(Data begins)

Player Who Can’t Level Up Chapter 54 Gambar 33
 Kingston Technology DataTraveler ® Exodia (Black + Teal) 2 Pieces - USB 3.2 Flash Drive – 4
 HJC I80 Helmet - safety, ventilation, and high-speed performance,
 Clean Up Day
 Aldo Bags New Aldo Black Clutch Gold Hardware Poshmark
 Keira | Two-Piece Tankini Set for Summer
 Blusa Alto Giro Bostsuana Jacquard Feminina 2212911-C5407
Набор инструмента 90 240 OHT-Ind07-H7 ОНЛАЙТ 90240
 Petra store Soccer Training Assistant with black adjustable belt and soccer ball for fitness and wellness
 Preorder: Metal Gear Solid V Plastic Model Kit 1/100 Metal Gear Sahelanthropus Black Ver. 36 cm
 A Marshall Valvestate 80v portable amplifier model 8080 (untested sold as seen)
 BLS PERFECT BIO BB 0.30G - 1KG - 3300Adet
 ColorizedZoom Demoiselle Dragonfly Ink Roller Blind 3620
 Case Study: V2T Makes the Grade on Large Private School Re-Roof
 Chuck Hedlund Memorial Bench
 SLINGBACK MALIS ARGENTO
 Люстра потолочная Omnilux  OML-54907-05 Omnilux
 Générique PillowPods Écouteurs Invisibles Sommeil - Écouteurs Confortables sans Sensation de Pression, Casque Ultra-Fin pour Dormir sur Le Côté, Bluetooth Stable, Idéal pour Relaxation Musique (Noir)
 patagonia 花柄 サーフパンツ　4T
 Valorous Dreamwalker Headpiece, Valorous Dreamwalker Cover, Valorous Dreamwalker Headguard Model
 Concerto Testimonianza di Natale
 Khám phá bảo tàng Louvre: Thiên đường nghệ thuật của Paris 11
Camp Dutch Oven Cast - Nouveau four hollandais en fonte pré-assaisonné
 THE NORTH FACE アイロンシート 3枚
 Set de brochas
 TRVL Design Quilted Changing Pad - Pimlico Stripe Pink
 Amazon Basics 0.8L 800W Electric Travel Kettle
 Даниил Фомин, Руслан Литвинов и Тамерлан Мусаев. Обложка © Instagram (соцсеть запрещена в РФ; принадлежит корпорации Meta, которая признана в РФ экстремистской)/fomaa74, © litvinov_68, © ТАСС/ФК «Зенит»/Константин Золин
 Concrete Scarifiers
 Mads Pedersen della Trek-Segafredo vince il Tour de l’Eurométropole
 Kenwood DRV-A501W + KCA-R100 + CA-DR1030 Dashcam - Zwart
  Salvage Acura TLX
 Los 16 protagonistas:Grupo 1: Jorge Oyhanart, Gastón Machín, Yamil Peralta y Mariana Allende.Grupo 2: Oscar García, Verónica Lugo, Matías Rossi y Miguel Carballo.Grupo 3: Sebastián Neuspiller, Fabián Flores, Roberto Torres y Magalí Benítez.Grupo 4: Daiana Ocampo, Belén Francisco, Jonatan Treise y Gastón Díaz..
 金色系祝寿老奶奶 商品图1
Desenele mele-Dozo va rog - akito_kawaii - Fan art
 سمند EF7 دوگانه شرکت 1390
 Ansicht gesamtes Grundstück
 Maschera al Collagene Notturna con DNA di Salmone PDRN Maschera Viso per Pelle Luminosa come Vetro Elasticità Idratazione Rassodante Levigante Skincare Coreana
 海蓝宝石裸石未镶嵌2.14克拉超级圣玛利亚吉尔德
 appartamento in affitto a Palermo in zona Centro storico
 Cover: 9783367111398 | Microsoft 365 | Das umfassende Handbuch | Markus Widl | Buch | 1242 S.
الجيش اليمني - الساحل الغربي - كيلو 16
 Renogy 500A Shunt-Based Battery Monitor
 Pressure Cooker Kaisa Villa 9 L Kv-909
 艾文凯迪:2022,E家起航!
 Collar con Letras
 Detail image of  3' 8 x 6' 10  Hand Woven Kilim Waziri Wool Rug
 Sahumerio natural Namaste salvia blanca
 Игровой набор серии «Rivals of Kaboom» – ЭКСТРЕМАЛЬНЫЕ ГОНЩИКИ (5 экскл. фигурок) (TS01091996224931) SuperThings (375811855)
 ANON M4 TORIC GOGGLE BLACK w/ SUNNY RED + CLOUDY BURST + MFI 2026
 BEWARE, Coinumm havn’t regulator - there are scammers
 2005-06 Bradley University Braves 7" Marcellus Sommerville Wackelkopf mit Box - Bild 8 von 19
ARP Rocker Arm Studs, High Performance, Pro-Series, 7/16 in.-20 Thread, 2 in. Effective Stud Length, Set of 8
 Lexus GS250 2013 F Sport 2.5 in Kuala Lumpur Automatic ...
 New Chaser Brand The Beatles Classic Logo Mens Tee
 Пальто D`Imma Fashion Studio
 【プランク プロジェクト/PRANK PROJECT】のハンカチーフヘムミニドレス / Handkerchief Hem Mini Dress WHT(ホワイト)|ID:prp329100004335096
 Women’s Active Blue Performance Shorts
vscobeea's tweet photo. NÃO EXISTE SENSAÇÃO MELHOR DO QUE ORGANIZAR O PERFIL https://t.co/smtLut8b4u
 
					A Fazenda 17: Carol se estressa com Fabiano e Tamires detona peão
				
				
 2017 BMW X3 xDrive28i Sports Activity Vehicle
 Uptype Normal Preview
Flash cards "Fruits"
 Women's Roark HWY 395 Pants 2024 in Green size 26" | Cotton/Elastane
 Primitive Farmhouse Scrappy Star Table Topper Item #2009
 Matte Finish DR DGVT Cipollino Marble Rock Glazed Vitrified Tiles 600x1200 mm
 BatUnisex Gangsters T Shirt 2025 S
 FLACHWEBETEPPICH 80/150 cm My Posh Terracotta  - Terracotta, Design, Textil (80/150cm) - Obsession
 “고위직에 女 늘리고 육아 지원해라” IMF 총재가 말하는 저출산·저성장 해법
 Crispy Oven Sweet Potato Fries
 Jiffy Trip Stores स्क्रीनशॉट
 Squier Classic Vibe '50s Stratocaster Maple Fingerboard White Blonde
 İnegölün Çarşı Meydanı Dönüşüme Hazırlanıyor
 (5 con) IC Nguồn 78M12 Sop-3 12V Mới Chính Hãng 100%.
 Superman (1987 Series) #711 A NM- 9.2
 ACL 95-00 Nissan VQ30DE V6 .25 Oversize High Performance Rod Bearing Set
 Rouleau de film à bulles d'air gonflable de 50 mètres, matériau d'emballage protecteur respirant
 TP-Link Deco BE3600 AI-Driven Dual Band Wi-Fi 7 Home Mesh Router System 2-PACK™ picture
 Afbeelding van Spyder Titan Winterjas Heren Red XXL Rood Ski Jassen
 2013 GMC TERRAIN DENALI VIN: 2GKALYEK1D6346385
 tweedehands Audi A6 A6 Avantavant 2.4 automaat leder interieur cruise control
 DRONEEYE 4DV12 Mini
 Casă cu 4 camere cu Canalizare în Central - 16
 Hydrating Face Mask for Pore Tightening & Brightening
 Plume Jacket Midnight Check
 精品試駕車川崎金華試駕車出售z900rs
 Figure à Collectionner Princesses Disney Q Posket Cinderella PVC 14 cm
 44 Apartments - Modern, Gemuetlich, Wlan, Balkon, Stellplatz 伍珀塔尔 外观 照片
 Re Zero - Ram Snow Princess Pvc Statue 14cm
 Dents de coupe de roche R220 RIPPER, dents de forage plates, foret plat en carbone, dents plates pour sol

(Data ends)

[What you will do] Show every line from the entries above in which "Series" appears.

[Response for this exercise]
ARP Rocker Arm Studs, High Performance, Pro-Series, 7/16 in.-20 Thread, 2 in. Effective Stud Length, Set of 8
 Superman (1987 Series) #711 A NM- 9.2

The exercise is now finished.